“Where’s that Uncommon Goods catalog?” my husband asked me while making coffee this morning. “I put it on top of that Hammacher Schlemmer catalog last night,” he noted, motioning toward a messy stack of magazines and letters on the kitchen table.
I didn’t answer right away. I knew where it was (on my bathroom sink next to the new Shinola and L.L. Bean catalogs!) but I suddenly felt like a food-guarding dog. I am not done reading it. “I’m not quite finished with it yet,” I finally said.
“Okay,” he said, fixing me with some side-eye as he walked out of the room. “But don’t throw it out!”
Since when, I wondered, were the hottest reads in our house product catalogs?
Certainly, it’s (still) fun to physically flip through something pretty over morning toast and tea, especially if the catalog is curated in an interesting way and showcases things you’ve never seen before.
And maybe for consumers over 40, there’s something pleasantly nostalgic about reading mail-order catalogs. Does it remind us of holidays past, when we weren’t bombarded with Facebook ads 24/7?
The Los Angeles Times recently racked up the appeal of catalogs to the fact that consumers are getting fewer mail-order publications than ever—9.8 billion in 2016 compared to the 2007 peak at 19.6 billion.
“The ability to stand out in that physical mailbox is easier than it was 10 years ago,” Neil O’Keefe, senior vice president of content and marketing for Data & Marketing Assn., told the news outlet.
That white space has prompted retailers, both big and boutique-sized, to embrace the printed catalog with renewed gusto.
The splashiest example of this is undoubtedly Sears. This year, after years of trying its darnedest to compete digitally, the retailer revived its famous holiday catalog, which originally launched in 1933 as the Sears Christmas Book.
The company is mailing its preferred customers the full-color, 120-page gift guide, entitled the Sears Wish Book 2017. It’s stuffed with products, including holiday decor, home furnishings, games and toys, appliances, and apparel (see the digital version here).
Critics of the ailing retailer have decried this move as hopelessly retro, but I don’t see it that way (and really, what does Sears have to lose at this point?).
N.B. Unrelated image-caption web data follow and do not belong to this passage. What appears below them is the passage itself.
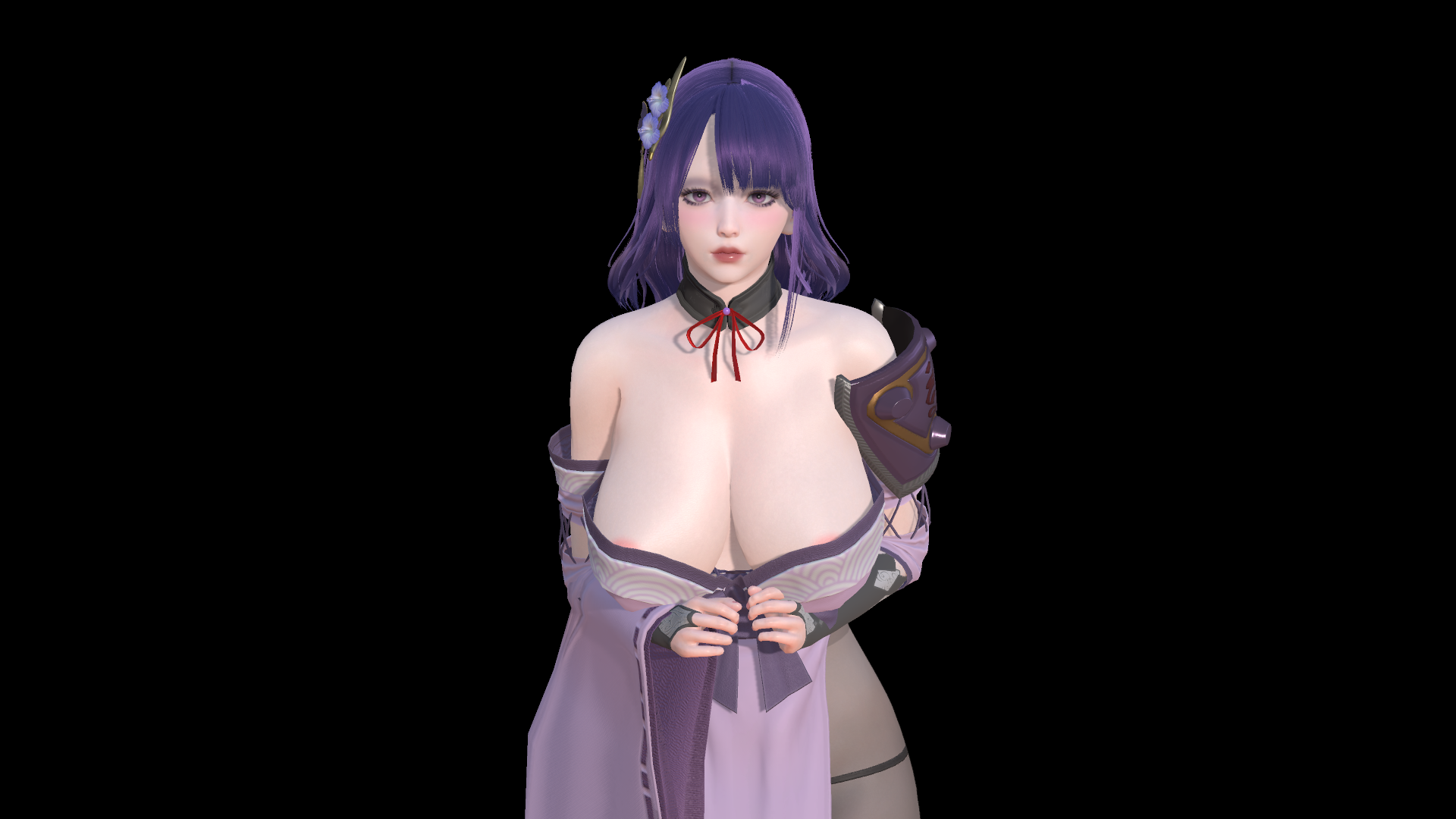 azz.net/yuxue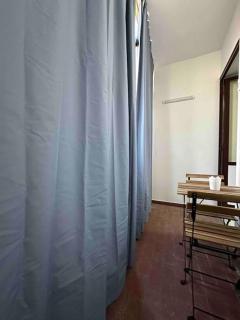 Joy Guest House - Torre del Greco - 8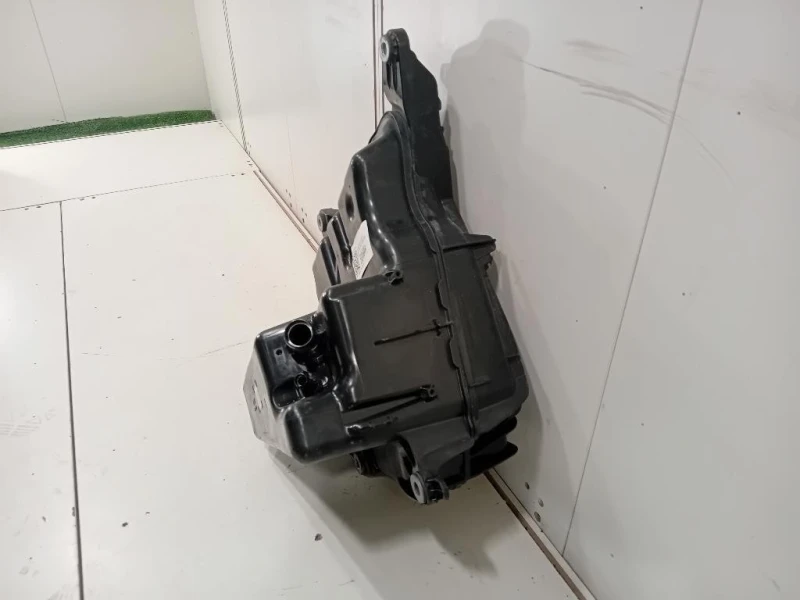 Serbatoio Adblue 4K0131878J Audi A6 4a5c8 Avant 2018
To my mind, the best thing Sears could do right now is make moves to differentiate itself from Amazon.
Its history is long and important—why shouldn’t it attempt to capitalize on the millennial-driven craze for all things “heritage?”
And in my household at least, every catalog that gets delivered is skimmed at least briefly. And the prettier ones get a proper read-through (or two!)
When it comes to advertising, print is far from dead. It may actually be the most modern-feeling vehicle out there.